In full and exactly, please return the records, but keep out the pictures.

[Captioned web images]

☆ ☆ ☆ ☆ ☆

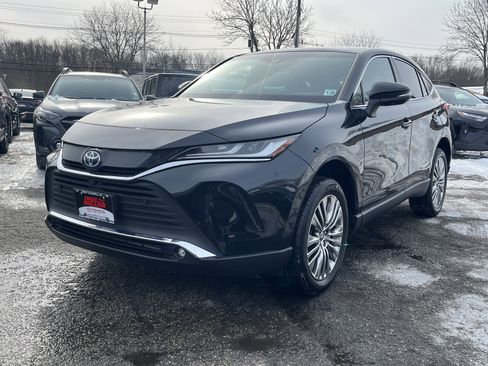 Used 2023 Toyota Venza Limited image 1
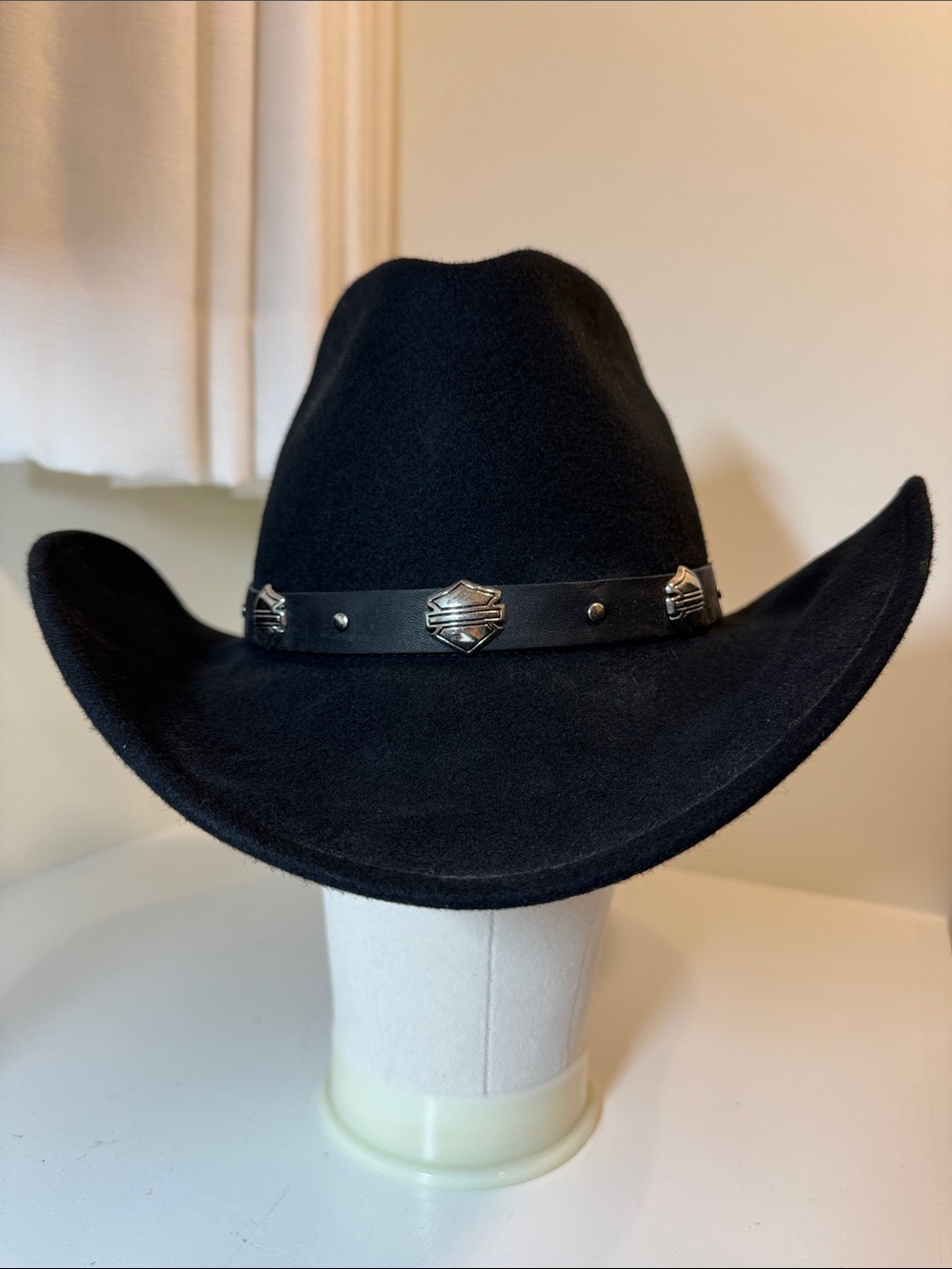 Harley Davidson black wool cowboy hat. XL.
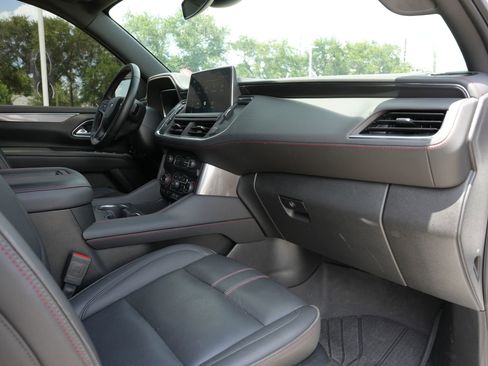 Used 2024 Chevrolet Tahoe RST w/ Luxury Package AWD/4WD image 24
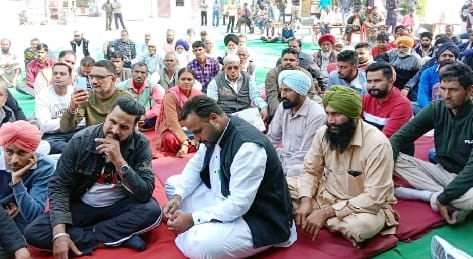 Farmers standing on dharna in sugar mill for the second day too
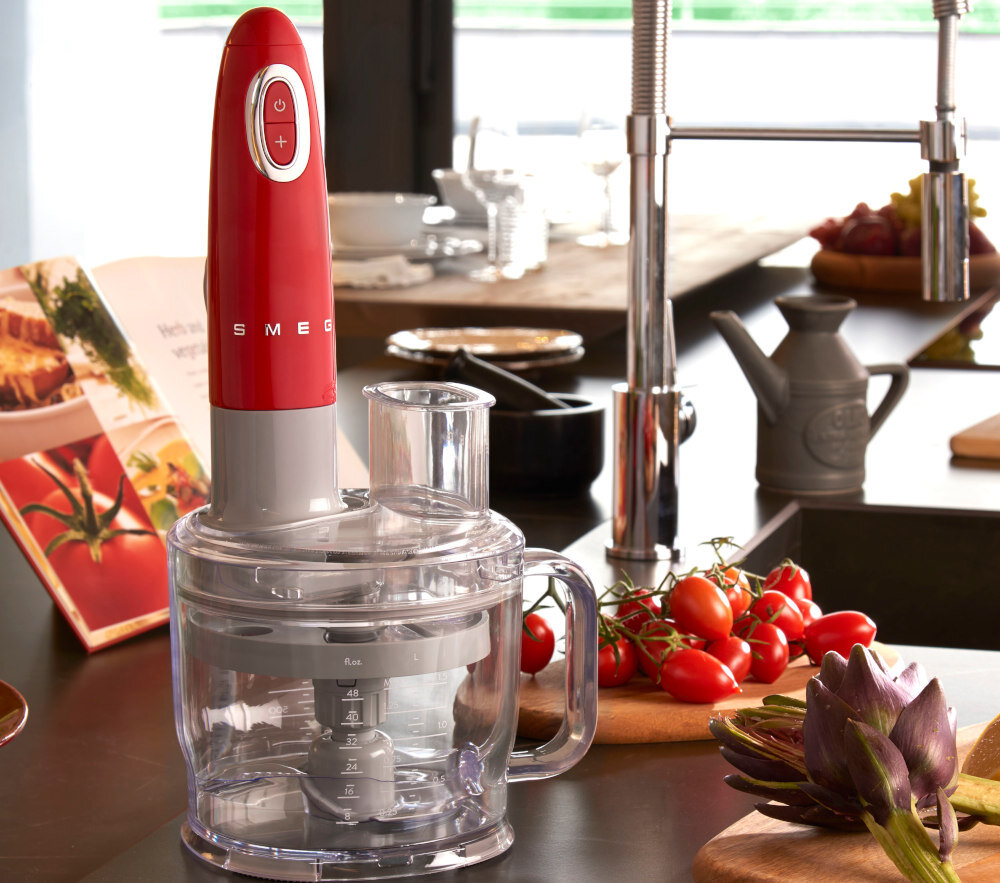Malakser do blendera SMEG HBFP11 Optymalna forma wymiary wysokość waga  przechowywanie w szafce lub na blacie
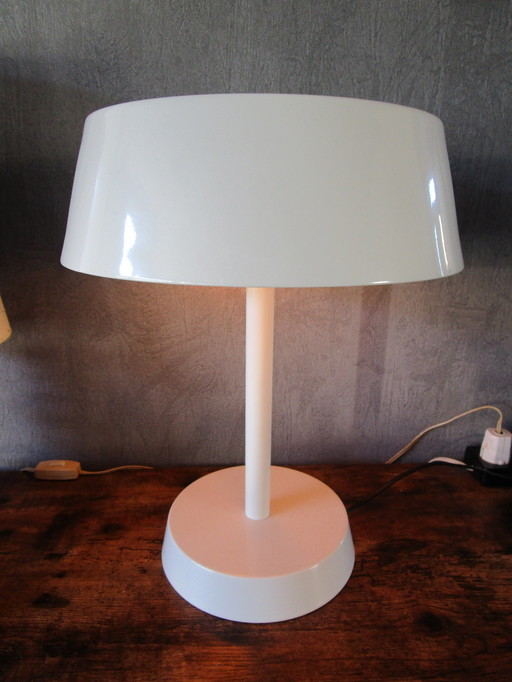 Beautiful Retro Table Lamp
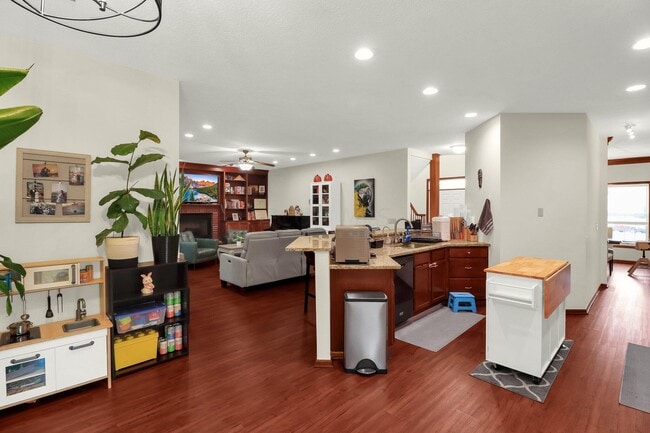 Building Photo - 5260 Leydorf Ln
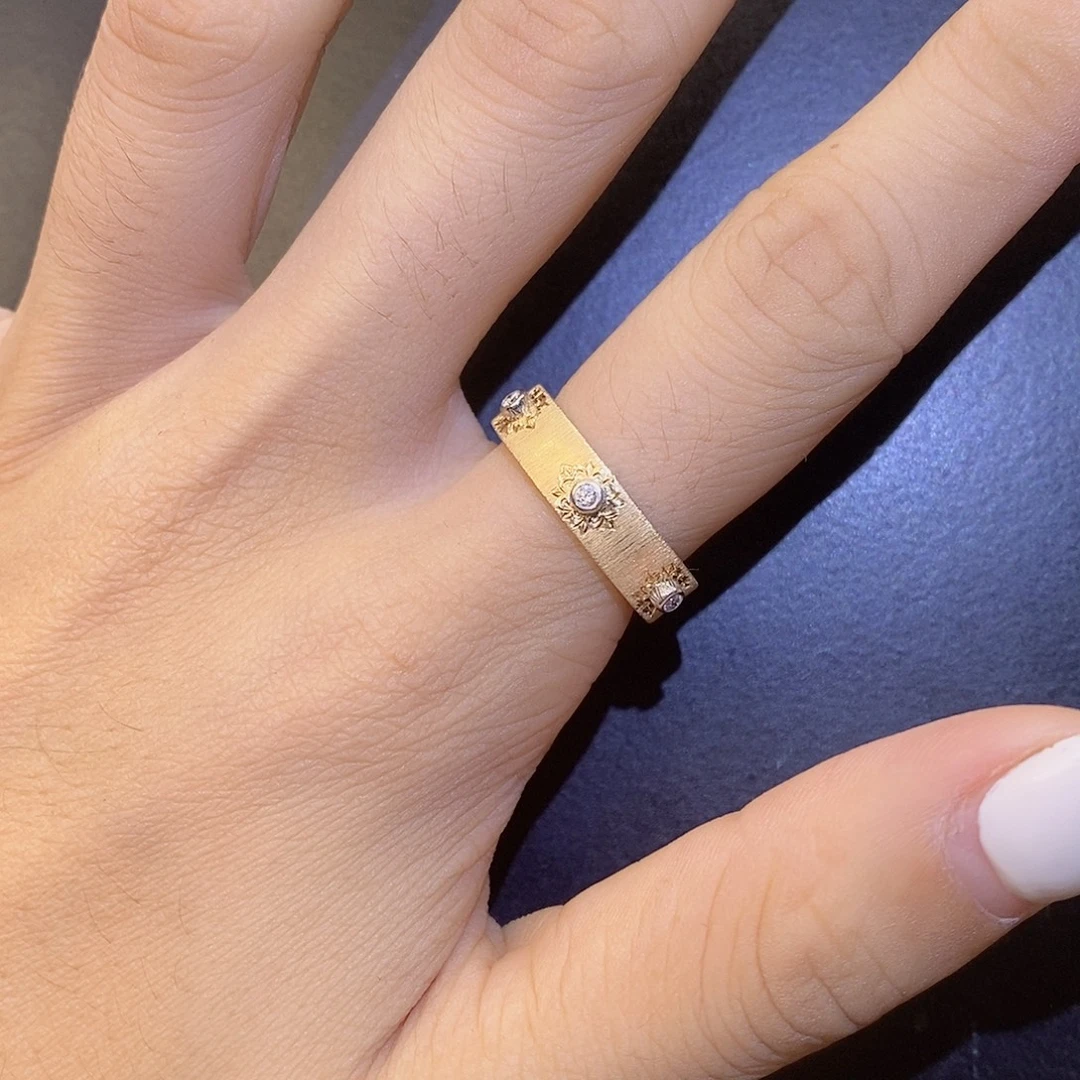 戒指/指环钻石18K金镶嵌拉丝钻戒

☆ ☆ ☆ ☆ ☆

> [TASK RESULT]
 Used 2023 Toyota Venza Limited image 1
 Harley Davidson black wool cowboy hat. XL.
 Used 2024 Chevrolet Tahoe RST w/ Luxury Package AWD/4WD image 24
 Farmers standing on dharna in sugar mill for the second day too
Malakser do blendera SMEG HBFP11 Optymalna forma wymiary wysokość waga  przechowywanie w szafce lub na blacie
 Beautiful Retro Table Lamp
 Building Photo - 5260 Leydorf Ln
 戒指/指环钻石18K金镶嵌拉丝钻戒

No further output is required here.